We fell asleep on the couch, alcohol on our breaths. Mambo and cha-cha-cha beats in our knees. Damn two-dollar high-heels left welts on our feet, but we danced all night with different brilliantine men: gold teeth, mustaches, pinky rings that looked too big for their pinkies. Manhattan Center was always packed on a Saturday night. Giant fans kept dancers cool, but never disturbed the shellacked beehives and too-good-to-be-true jewels.

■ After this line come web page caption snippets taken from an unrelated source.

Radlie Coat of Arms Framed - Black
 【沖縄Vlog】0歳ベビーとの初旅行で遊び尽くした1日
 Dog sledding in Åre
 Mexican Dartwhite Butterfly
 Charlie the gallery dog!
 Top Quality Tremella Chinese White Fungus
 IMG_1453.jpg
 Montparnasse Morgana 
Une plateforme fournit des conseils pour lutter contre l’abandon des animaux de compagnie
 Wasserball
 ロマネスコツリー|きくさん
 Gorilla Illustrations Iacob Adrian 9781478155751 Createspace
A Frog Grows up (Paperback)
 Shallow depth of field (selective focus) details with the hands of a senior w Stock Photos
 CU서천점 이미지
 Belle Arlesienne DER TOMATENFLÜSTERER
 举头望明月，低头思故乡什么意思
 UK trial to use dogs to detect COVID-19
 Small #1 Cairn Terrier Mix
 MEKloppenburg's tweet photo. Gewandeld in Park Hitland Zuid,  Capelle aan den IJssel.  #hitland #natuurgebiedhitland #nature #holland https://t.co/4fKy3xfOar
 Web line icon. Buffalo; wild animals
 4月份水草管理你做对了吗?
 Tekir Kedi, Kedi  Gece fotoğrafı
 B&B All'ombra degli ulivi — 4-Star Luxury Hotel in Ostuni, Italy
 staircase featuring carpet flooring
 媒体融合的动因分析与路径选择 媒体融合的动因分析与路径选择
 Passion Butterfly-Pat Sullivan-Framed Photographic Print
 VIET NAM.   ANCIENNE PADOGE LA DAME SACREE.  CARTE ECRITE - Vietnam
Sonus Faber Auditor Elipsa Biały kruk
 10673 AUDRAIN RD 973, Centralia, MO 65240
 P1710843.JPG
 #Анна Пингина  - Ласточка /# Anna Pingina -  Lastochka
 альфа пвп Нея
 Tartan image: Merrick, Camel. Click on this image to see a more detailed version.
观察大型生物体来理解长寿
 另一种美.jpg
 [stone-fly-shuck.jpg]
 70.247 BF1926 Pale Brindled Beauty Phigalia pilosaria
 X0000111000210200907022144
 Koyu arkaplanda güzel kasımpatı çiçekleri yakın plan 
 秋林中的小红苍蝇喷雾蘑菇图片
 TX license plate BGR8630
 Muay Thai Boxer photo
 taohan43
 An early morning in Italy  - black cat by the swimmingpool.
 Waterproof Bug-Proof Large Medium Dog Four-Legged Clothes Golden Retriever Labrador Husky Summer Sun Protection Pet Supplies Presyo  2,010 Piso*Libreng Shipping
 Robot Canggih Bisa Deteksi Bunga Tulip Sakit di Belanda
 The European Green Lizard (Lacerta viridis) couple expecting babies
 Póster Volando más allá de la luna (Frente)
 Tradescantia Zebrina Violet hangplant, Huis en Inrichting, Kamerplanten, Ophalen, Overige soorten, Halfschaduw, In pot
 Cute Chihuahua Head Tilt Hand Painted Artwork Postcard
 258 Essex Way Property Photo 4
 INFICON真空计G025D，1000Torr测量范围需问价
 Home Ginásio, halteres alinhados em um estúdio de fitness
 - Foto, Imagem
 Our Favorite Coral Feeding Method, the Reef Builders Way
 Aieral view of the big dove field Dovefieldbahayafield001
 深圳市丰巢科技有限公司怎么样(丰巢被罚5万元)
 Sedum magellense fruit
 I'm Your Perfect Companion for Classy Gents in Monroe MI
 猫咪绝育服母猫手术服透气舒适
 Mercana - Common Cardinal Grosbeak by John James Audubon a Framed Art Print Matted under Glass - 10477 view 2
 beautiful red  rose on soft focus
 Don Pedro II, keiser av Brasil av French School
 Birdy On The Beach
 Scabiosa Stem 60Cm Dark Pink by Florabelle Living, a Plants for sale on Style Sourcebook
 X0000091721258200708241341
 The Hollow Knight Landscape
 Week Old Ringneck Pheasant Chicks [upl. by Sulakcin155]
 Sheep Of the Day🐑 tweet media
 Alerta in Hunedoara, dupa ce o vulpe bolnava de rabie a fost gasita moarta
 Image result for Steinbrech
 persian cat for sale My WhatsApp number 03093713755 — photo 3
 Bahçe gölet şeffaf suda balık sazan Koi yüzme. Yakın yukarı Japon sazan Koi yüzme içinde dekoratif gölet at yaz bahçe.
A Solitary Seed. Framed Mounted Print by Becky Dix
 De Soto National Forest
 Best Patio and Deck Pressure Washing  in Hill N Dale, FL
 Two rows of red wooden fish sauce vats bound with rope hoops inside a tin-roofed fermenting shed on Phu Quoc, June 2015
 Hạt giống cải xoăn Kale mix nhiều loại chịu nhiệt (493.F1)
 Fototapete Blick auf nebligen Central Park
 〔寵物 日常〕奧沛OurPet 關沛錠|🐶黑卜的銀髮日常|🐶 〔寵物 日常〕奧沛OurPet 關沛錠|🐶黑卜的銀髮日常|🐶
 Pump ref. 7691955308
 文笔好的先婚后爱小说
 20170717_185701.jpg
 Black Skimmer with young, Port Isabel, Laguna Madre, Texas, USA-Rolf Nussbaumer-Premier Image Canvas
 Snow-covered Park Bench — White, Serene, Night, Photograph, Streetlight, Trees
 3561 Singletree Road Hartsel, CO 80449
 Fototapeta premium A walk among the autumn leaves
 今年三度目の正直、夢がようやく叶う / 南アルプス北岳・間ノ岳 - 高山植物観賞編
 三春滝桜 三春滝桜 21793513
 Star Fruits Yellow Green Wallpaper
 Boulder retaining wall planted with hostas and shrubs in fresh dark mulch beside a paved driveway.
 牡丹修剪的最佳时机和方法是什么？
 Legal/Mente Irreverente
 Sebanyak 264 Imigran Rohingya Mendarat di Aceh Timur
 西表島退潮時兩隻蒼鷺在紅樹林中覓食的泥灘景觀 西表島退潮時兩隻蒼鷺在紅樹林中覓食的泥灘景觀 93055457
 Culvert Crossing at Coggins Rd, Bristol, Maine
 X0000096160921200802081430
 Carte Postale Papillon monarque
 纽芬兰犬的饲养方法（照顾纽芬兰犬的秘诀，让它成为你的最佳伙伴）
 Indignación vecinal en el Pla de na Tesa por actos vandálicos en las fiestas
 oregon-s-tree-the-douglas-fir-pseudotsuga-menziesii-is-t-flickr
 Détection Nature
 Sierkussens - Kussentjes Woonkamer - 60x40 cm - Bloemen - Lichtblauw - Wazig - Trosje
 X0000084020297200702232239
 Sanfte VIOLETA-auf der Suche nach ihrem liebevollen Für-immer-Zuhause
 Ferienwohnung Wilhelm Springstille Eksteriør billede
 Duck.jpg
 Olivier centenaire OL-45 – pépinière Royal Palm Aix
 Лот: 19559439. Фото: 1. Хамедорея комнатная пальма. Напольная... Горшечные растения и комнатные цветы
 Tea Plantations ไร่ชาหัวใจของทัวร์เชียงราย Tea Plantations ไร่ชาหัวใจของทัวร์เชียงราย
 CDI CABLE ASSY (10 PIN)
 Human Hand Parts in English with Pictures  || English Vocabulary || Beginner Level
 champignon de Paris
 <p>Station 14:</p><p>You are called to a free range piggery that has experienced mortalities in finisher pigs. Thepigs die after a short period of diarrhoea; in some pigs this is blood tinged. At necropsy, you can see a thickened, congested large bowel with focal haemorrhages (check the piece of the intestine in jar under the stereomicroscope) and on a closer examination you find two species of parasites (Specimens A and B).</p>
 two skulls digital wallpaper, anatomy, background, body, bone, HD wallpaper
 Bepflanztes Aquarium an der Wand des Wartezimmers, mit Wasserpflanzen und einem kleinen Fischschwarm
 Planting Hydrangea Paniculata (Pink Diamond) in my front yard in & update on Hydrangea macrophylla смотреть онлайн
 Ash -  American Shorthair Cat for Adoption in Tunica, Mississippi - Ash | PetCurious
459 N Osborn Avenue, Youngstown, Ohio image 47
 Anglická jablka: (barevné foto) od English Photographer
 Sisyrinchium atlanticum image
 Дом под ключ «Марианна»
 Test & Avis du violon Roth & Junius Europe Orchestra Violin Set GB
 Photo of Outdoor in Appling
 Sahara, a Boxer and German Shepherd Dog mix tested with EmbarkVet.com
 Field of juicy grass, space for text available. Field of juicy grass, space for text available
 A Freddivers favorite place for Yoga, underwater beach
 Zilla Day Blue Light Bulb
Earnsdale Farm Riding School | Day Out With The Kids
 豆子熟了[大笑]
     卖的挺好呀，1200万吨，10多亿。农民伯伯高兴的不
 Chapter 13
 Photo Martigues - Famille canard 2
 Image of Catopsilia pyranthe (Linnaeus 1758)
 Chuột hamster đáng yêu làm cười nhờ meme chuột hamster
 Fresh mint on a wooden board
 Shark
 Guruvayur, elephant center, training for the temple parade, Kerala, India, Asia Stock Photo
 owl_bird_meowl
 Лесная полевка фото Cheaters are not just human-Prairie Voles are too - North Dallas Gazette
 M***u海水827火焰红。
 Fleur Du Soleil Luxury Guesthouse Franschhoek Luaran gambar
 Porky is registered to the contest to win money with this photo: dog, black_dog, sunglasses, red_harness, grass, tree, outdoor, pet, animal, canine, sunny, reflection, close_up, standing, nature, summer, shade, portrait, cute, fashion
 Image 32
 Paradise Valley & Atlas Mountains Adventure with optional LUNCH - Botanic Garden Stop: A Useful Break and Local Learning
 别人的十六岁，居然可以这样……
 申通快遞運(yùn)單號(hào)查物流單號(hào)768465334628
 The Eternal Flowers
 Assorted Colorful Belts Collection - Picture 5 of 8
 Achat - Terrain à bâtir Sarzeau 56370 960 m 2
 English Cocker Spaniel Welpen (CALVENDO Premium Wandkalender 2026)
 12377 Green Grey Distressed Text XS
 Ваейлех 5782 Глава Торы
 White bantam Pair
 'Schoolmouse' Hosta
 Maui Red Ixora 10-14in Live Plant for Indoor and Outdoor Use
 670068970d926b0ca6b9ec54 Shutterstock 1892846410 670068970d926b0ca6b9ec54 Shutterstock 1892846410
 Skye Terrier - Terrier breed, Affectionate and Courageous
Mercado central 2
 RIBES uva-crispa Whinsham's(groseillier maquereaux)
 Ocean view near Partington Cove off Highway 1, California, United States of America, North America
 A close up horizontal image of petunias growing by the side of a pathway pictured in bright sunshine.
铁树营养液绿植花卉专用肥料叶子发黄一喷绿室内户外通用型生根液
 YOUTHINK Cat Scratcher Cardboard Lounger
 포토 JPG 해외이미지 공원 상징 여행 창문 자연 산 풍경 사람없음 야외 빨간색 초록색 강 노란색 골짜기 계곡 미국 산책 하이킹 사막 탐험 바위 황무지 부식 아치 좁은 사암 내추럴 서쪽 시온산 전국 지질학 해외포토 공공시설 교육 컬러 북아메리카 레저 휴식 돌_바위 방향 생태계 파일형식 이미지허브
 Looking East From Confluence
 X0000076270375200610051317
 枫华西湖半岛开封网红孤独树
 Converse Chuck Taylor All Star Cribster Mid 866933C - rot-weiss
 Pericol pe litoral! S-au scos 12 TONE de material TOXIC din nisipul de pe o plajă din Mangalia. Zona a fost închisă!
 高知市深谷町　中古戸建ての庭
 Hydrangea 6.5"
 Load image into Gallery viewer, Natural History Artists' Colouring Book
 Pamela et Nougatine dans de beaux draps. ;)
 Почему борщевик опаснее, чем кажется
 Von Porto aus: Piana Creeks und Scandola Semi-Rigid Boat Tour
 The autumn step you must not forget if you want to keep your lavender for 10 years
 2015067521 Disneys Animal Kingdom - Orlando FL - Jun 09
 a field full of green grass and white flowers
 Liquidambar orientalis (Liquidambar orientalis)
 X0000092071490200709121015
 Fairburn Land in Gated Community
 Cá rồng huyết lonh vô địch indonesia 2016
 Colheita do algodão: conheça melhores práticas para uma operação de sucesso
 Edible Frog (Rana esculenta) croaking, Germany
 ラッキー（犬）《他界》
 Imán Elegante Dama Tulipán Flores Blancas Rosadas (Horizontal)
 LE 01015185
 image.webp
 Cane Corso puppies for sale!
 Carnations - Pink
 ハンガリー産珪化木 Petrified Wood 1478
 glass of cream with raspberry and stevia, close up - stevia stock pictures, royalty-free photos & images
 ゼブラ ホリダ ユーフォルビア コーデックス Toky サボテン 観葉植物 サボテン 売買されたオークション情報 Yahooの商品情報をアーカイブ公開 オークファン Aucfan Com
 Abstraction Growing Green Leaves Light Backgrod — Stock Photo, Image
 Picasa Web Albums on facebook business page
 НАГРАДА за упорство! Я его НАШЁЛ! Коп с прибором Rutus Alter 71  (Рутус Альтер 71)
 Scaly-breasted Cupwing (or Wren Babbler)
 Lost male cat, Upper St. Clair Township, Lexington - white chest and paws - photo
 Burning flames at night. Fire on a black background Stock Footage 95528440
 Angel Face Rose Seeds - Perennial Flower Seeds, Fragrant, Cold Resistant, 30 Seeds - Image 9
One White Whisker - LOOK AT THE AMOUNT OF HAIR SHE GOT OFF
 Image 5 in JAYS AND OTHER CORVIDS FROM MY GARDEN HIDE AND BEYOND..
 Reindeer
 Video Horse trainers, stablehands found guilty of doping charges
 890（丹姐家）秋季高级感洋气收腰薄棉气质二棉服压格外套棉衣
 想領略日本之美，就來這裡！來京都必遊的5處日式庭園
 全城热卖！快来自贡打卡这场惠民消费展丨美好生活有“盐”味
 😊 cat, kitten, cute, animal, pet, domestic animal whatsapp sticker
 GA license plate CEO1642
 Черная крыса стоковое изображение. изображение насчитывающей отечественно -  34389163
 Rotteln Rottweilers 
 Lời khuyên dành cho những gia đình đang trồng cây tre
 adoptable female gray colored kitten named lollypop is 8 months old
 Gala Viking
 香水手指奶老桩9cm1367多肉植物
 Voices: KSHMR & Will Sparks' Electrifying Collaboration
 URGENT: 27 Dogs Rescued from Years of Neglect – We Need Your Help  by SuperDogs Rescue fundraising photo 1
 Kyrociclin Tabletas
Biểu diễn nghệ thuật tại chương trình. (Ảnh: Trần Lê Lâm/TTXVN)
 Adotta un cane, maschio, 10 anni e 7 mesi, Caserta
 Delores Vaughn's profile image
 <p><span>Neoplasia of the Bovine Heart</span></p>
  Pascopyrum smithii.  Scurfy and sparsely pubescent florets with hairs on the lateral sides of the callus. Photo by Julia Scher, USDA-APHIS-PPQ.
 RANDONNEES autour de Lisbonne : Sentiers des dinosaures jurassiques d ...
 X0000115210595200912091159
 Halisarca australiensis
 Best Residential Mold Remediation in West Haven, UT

Police arrests at a Drag Ball, NYC

Outside was 34th street with its neon Irish bars, burlap covered bums, and you and me, running away from the cigarette fog. Out those black and gold Manhattan Center doors, leaving behind cheap cologne, hairspray, watery beer, the bottle of Dewar’s that got us a table in the middle of the action, and that damn greaser who pulled on your hair when you said no, shoved his thumb against your forehead to force you to sit back down. And me, in my pink dress, too young to speak up, to make a spectacle, to declare my seventeen-year-old presence. Me, lifting the glass bottle over my head.

Getty images.

“You shouldn’t have done that,” you said as we walked through a crowd of tourists. I was your guardian angel. The one groomed to stop you from making bad decisions. What I shouldn’t have done was dance with the tall, white guy. I shouldn’t have placed my hand on his chest, felt his heat.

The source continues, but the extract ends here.